# October 5&6 weekend pics



## scarrott73 (Apr 13, 2005)




----------



## wickedmfer (Nov 23, 2007)

Nice hunt guys.


----------



## nemitz (Oct 18, 2005)

Looks like you guys had some fun. Nice looking dog.


----------



## deacon (Sep 12, 2003)

Wow!!!


----------



## scarrott73 (Apr 13, 2005)

First banded canada goose out of 138 shot this year


----------



## wickedmfer (Nov 23, 2007)

Your buddies don't seem as happy about that banded bird as you do


----------



## target (Aug 10, 2006)

Nice hunt man,

Hope them extra lookers helped.


----------



## sod44 (Sep 30, 2008)

nice hunt.


----------



## waterfowler22 (Aug 30, 2007)

Good shooting boys. Is that your 1st band.


----------



## scarrott73 (Apr 13, 2005)

That is my friend that shot it. It was his first canada goose band and actually the first band shot in our spread not many in our area.


----------



## hunter121390 (Nov 7, 2006)

wow. nice hunt!


----------



## LaLloyd (Sep 11, 2008)

Excellent gentlemen. 
I'm sorry for the blind and everything else I've done.


----------



## scarrott73 (Apr 13, 2005)

Lloyd everythings chill just get out of the house this weekend so we can shoot more birds and get some good footage


----------



## sdbirdhunter (Oct 7, 2008)

Nice hunt!

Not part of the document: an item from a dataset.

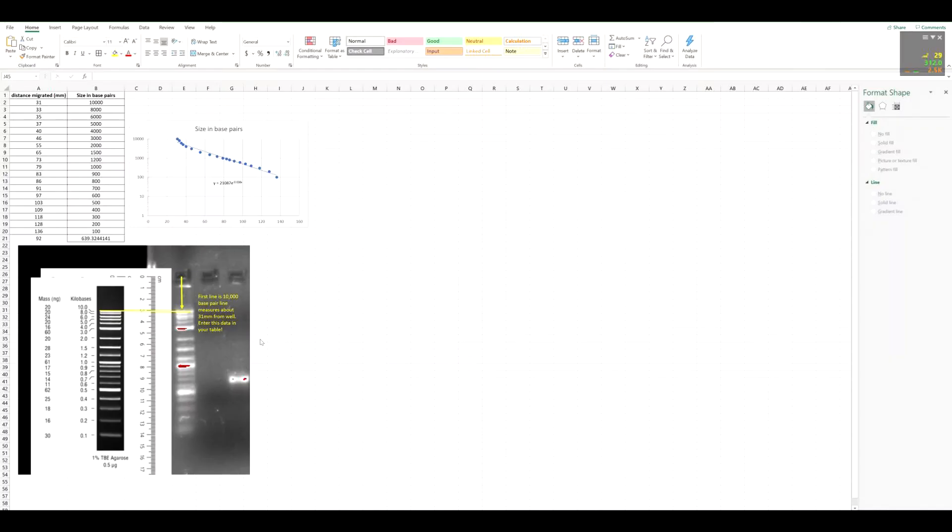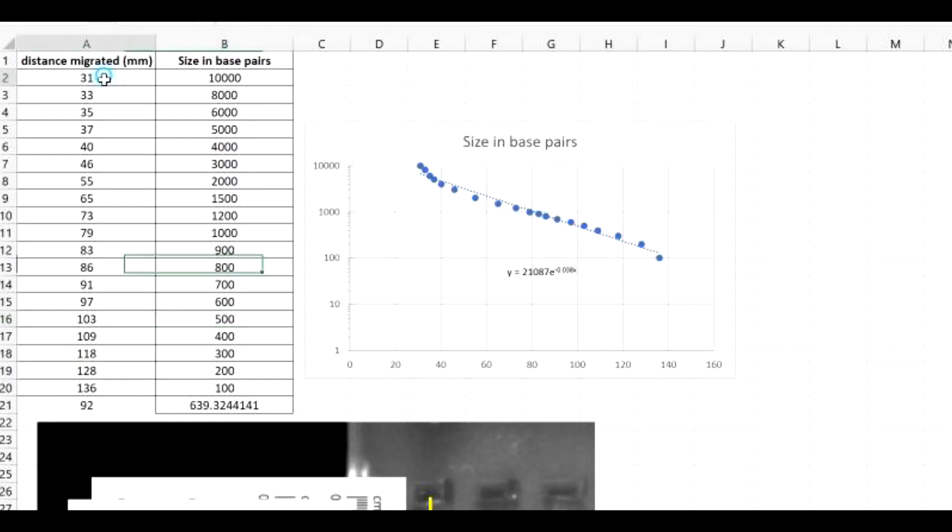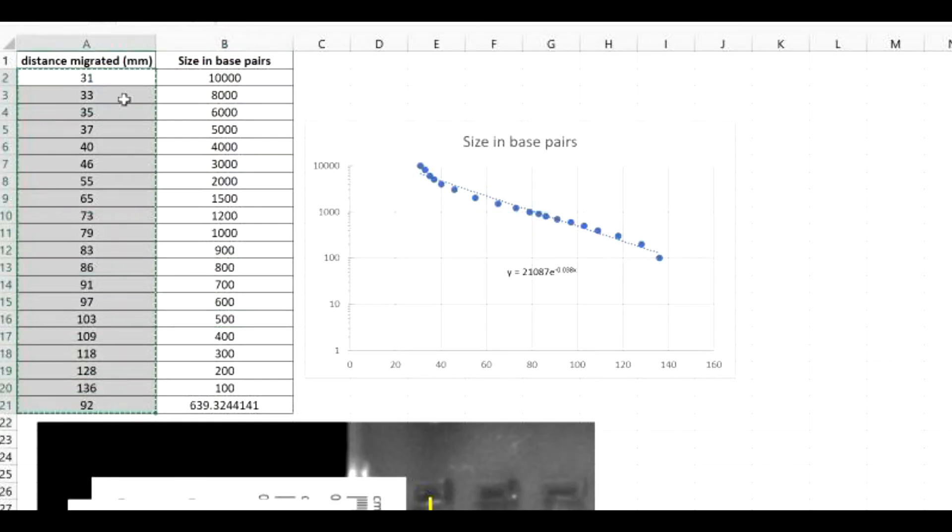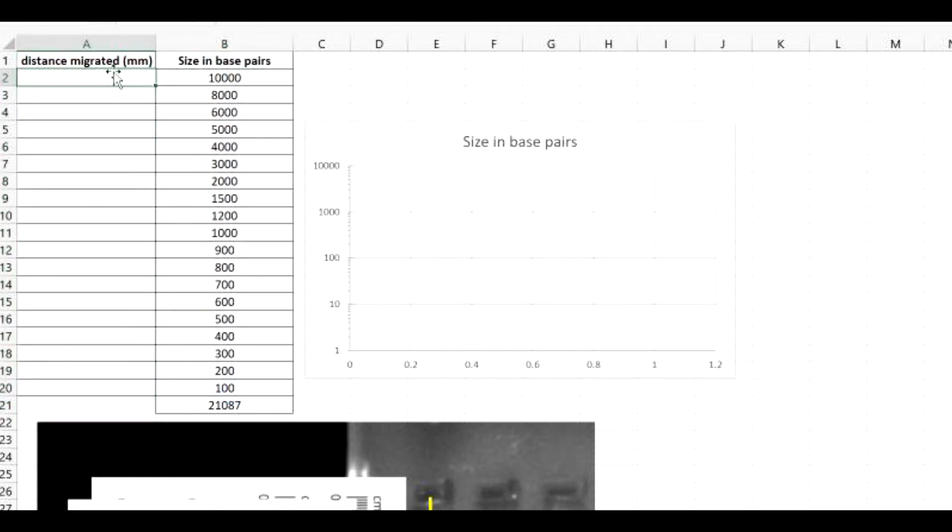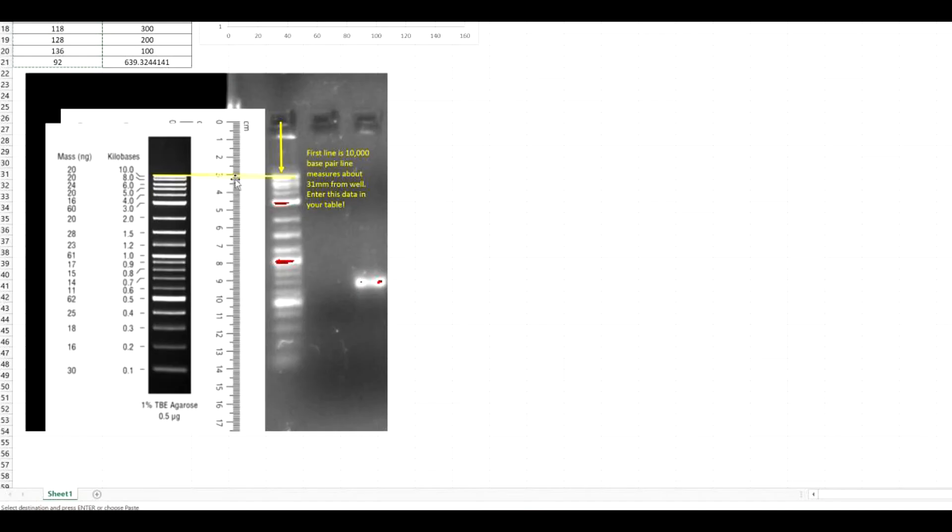Now, when you make a standard curve, what you have to do is make a data table like this up here. I filled out this distance migrated table, but normally it would be blank. And you would just start with a table like this. But to save some time, I already filled in measurements. Now, what you would do is at this 10,000 base pair fragment, you want to know how far it migrated from this well.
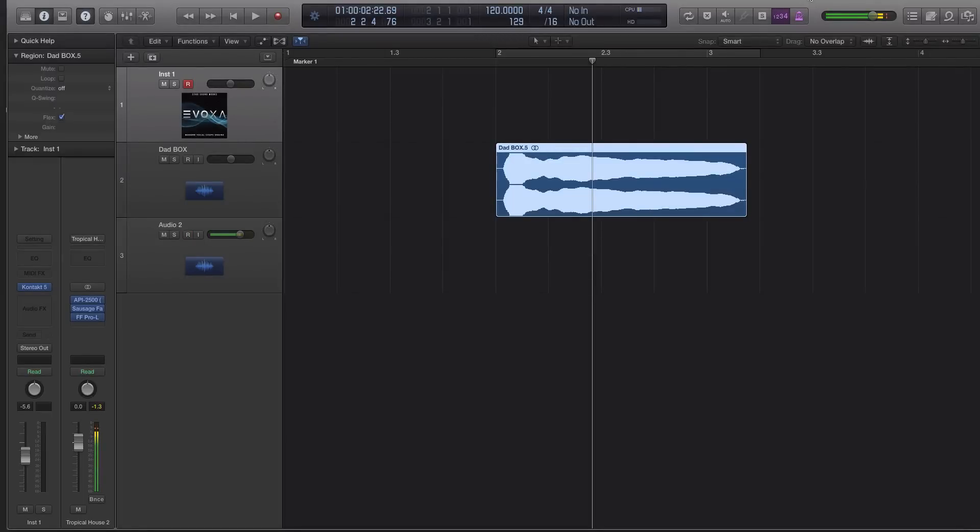Hey guys, this is Echo Soundworks, and you are checking out a video for our new contact library, Evoxa, where I'm going to show you how you can import your own samples, your own vocal chops, into Evoxa.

What breed is the dog?


----------



## LaLloyd (Sep 11, 2008)

It's a mix between a bulldog and a ****zu.


----------



## scarrott73 (Apr 13, 2005)

Drathaar


----------



## Large munsterlander1 (Feb 11, 2008)

sdbirdhunter said:


> Nice hunt! What breed is the dog?


It would be a German Wirehair or a Griffin!


----------



## nodakoutdoors.com (Feb 27, 2002)

Nice work guys


----------



## Matt Jones (Mar 6, 2002)

Congrats on the band! :beer: Post up the info on it once you get the COA.


----------



## tat2hunter (Jun 21, 2007)

looks like you guys had a good time.


----------



## TNESS (Sep 30, 2008)

Must have been a fun hunt....


----------



## Steelpuck18 (Sep 16, 2008)

nice job guys. :wink:


----------



## waterfowler7 (Sep 16, 2008)

Looks like you guys had a good weekend


----------